Oleh Amril Taufik Gobel
Adalah sebuah hal yang cukup beralasan
bila seorang wartawan New York Times, Barbara Crossette pernah
menggambarkan benteng Fort Rotterdam di Makassar sebagai "the best
preserved Dutch fort in Asia", benteng Belanda yang paling
terlestarikan di Asia. Saat berkunjung akhir tahun lalu, saya masih
merasakan nuansa menawan benteng yang dibangun pada abad ke-17 ini.
Peninggalan dari Kesultanan Gowa, benteng ini kokoh berdiri di pinggir
pantai sebelah barat Makassar.
Walau
pada beberapa sisi terlihat kusam dengan lumut yang menempel pada
dinding tembok benteng, kemegahannya masih terasa. Saat berdiri di depan
gerbangnya yang kokoh saya mendadak membayangkan kehebatan Kesultanan
Gowa membangun benteng ini. Dari 17 benteng yang dibangun di sekeliling
kota, Fort Rotterdam merupakan benteng yang masih tersisa hingga saat
ini dan masih terpelihara keasliannya.
Dari segi arsitektural
benteng ini menampilkan bangunan berbentuk mirip penyu hendak merangkak
turun ke lautan. Karena bentuknya mirip penyu, kadang benteng ini juga
dinamai Benteng Panyua (Penyu), representasi kejayaan Kesultanan Gowa
yang senantiasa meraih kemenangan di darat maupun laut.
Benteng
Rotterdam dibangun pada 1545 oleh Raja Gowa ke-X yang bernama I
Manrigau Daeng Bonto Karaeng Lakiung atau Karaeng Tunipalangga Ulaweng.

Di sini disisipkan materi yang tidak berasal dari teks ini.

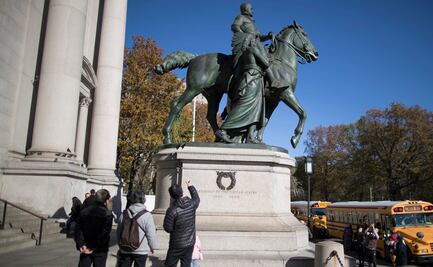 Ante protestas por racismo, Museo de Historia Natural de NY retira estatua de Roosevelt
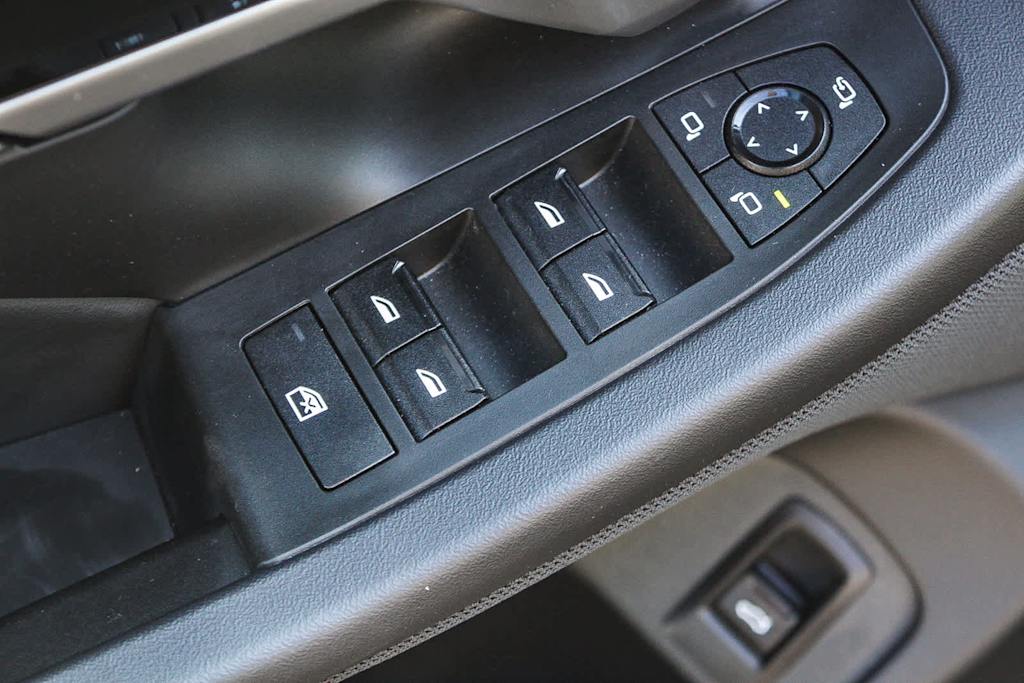 Thumbnail: 2025 BMW 5 Series - 22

Bahan dasar pembangunan benteng ini berasal dari batu dan tanah liat
yang dibakar hingga kering. Pada 9 Agustus1634, Sultan Gowa ke-XIV (I
Mangerangi Daeng Manrabbia dengan gelar Sultan Alauddin) membuat dinding
tembok dengan batu padas hitam yang didatangkan dari pegunungan Kartz
daerah Maros. Pada tanggal 23 Juni 1635, dibangun lagi dinding tembok
kedua dekat pintu gerbang.
Sejarah mencatat, untuk memperkuat
jalur perdagangan rempah-rempah serta memperluas kekuasaan, Belanda
pernah menyerang benteng ini pada masa pemerintahan Sultan Hasanuddin
antara 1655-1669. Dipimpin oleh Gubernur Jendral Admiral Cornelis
Janszoon Speelman, pasukan Belanda menggempur Kesultanan Gowa selama
setahun penuh.
Mereka dihadapkan pada perlawanan tangguh prajurit
Sultan Gowa. Akibatnya, sebagian benteng hancur dan pasukan Sultan
Hasanuddin menyerah. Akibat kekalahan tersebut Sultan Gowa dipaksa
menandatangani Perjanjian Bongaya pada 18 November 1667. Namanya kini
diabadikan menjadi salah satu universitas negeri dan bandar udara
internasional di Makassar.
Benteng
yang sebagian hancur ini kemudian dibangun kembali oleh Gubernur
Jendral Speelman dengan model arsitektur Belanda. Speelman menamakan
benteng ini sama dengan nama tempat kelahirannya, Rotterdam. Bentuk
benteng yang tadinya segi empat dengan empat bastion, ditambahkan satu
bastion lagi di sisi barat. Kehadiran benteng ini tidak hanya menjadi
pusat pemerintahan Belanda di wilayah timur Indonesia namun juga menjadi
pusat koordinasi perdagangan rempah-rempah Nusantara.
Sebuah
patung warna putih yang menggambarkan Sultan Hasanuddin mengendarai kuda
menyambut kedatangan pengunjung di benteng ini. Patung yang gagah, tapi
sayangnya ada tangan-tangan nakal yang mencorat-coret beberapa bagian
patung. Memasuki kawasan benteng, kita bisa langsung menuju Museum
Lagaligo yang berisi peninggalan sejarah dan artefak-artefak budaya masa
lalu, khususnya kerajaan Gowa-Tallo serta daerah-daerah lain di
Sulawesi Selatan.
Di
dalam kawasan benteng terdapat pula ruang tahanan Pangeran Diponegoro.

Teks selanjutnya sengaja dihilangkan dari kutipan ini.